**Data supplied:**
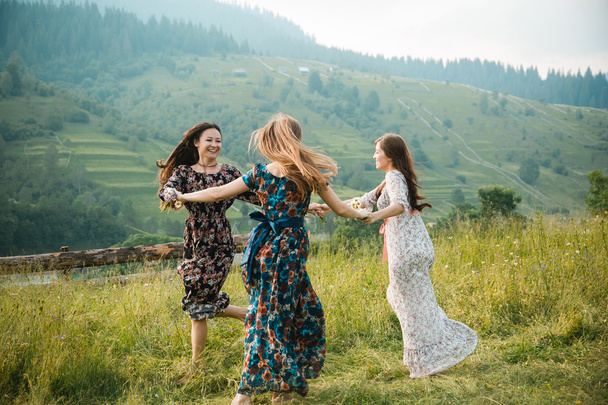 Chicas vestidos de novia descansan en la naturaleza en un hermoso prado de montaña
 - Foto, imagen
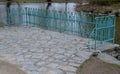 Details of the edge of the pond with paved banks flat stones. curved shape. the path is lined with weeping willows and the sluice Royalty Free Stock Photo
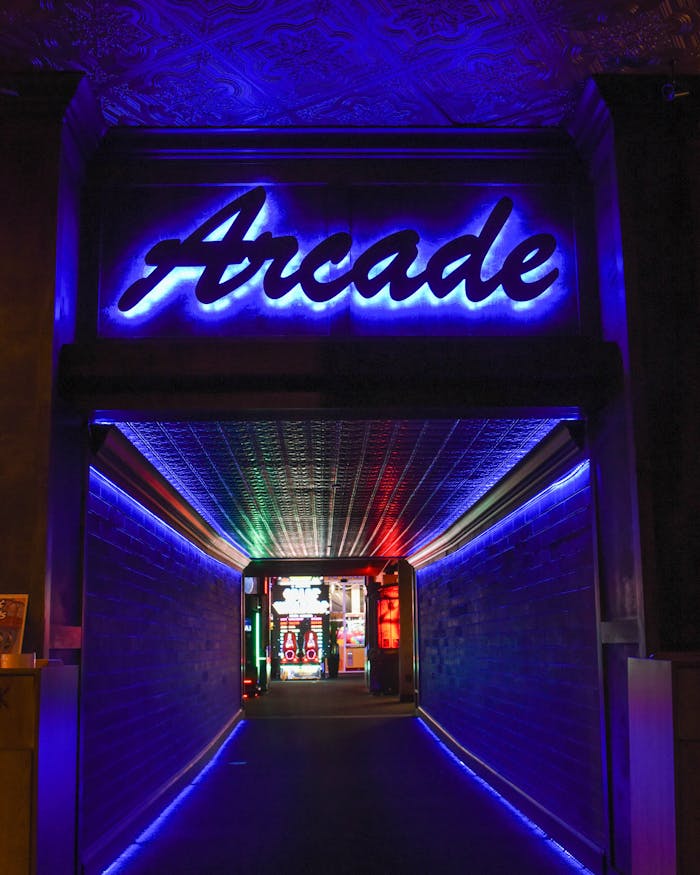 who-we-are Vibrant neon light hallway leading to retro arcade gameplay area.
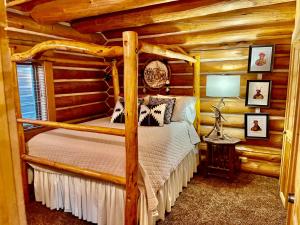 a bedroom with a four poster bed in a log cabin at Sundance cabincasita sleeps 18 hottub firepits in Sundance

**Problem to solve:**
Pictures are not part of the copy; reproduce exactly and only the lines from the line containing "- Foto, imagen" through the end of the listing.

**Answer below:**
 - Foto, imagen
 Details of the edge of the pond with paved banks flat stones. curved shape. the path is lined with weeping willows and the sluice Royalty Free Stock Photo
 who-we-are Vibrant neon light hallway leading to retro arcade gameplay area.
 a bedroom with a four poster bed in a log cabin at Sundance cabincasita sleeps 18 hottub firepits in Sundance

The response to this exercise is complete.